Ysobel was kneeling before a holy picture in her little whitewashed cell when Henry Morgan burst upon her. The dried duenna shrank into a corner at the sight of him, but Ysobel regarded him intently, noted his flushed face, his half-closed, fierce eyes. She heard his heavy breathing, and with a smile of comprehension rose to her feet. Her laughter rang banteringly as she drew a pin from her bodice and assumed the position of a fencer. One foot forward, her left arm held behind her for balance, the pin pointed before her like a foil.

“En garde!” she cried. Then the captain rushed at her. His arms encircled her shoulders and his hands were tearing at her clothing. Ysobel stood quite still, but one hand darted about with its pin⁠—striking, striking⁠—like a small white serpent. Little spots of blood appeared on Henry’s cheeks, on his throat.

“Your eyes next, Captain,” she said quietly, and stabbed him thrice on the cheekbone. Henry released her and stepped away, wiping his bloody face with the back of his hand. Ysobel laughed at him. A man may beat⁠—may subject to every violation⁠—a woman who cries and runs away, but he is helpless before one who stands her ground and only laughs.

“I heard a shot,” she said. “I thought perhaps you had killed someone to justify your manhood. But your manhood will suffer now, will it not? Word of this encounter will get about somehow; you know how such things travel. It will be told that you were beaten with a pin in the hands of a woman.” Her tone was gloating and cruel.

Henry’s hand slipped to his side, and the lean rapier crept from its sheath like a frozen serpent. The light licked viciously along its lank blade. At last the needle point came out, and the steel turned and pointed at the woman’s breast.

Ysobel grew sick with terror. “I am a sinner,” she said. Then a dawning relief came into her face. She motioned the aged duenna to her and spoke in rapid, clattering Spanish.

“It is true,” said the old woman. “It is true.”

At the end of her speaking, Ysobel thriftily drew aside the webby lace of her mantilla that it might not be spotted with blood. The duenna began interpreting.

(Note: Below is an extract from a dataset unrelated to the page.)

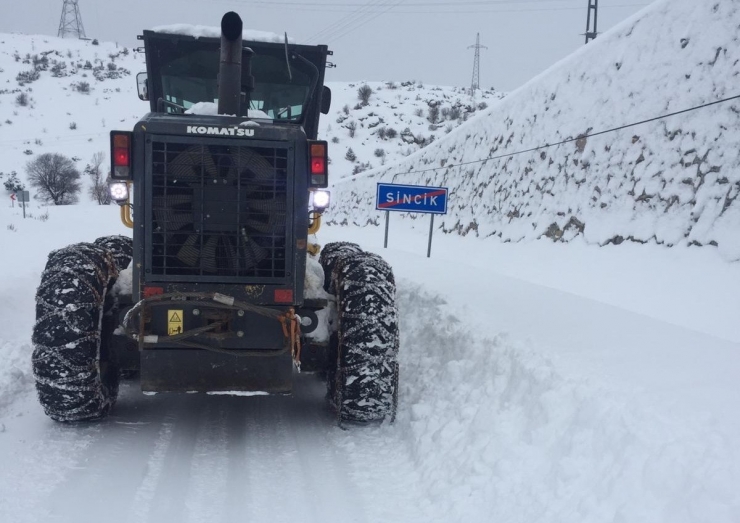 Adıyaman’da 93 Köy, 126 Mezra Yolu Ulaşıma Kapandı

“Sir, my mistress says that a true Catholic who dies at the hand of an infidel goes to heaven. This is true. Further, she says that a Catholic woman who dies protecting her holy marriage vow goes straightway to heaven. This also is true. Lastly, she thinks that such a woman might, in course of time, be canonized. Such things have happened. Ah, sir! Captain, be kind! Permit me to kiss her hand, now, before you strike. What grace to have kissed the hand of a living saint! It may do much for my own sinful soul.”

Ysobel spoke to her again.

“My mistress bids you strike; more, she urges it, pleads for the blow. The angels are hovering about her head. She sees the great light, and the holy music is sounding in her ears.”

The rapier point lowered. Henry Morgan turned away and gazed out into the sunlit garden. Little Chico came galloping along the path and sat down in the open doorway. The little beast clasped his paws and raised them above his head as though in prayer. The lean rapier made a sharp swishing sound as it drove into its scabbard. And Captain Morgan stooped to pick up the tiny monkey. He walked away stroking Chico’s head with his forefinger.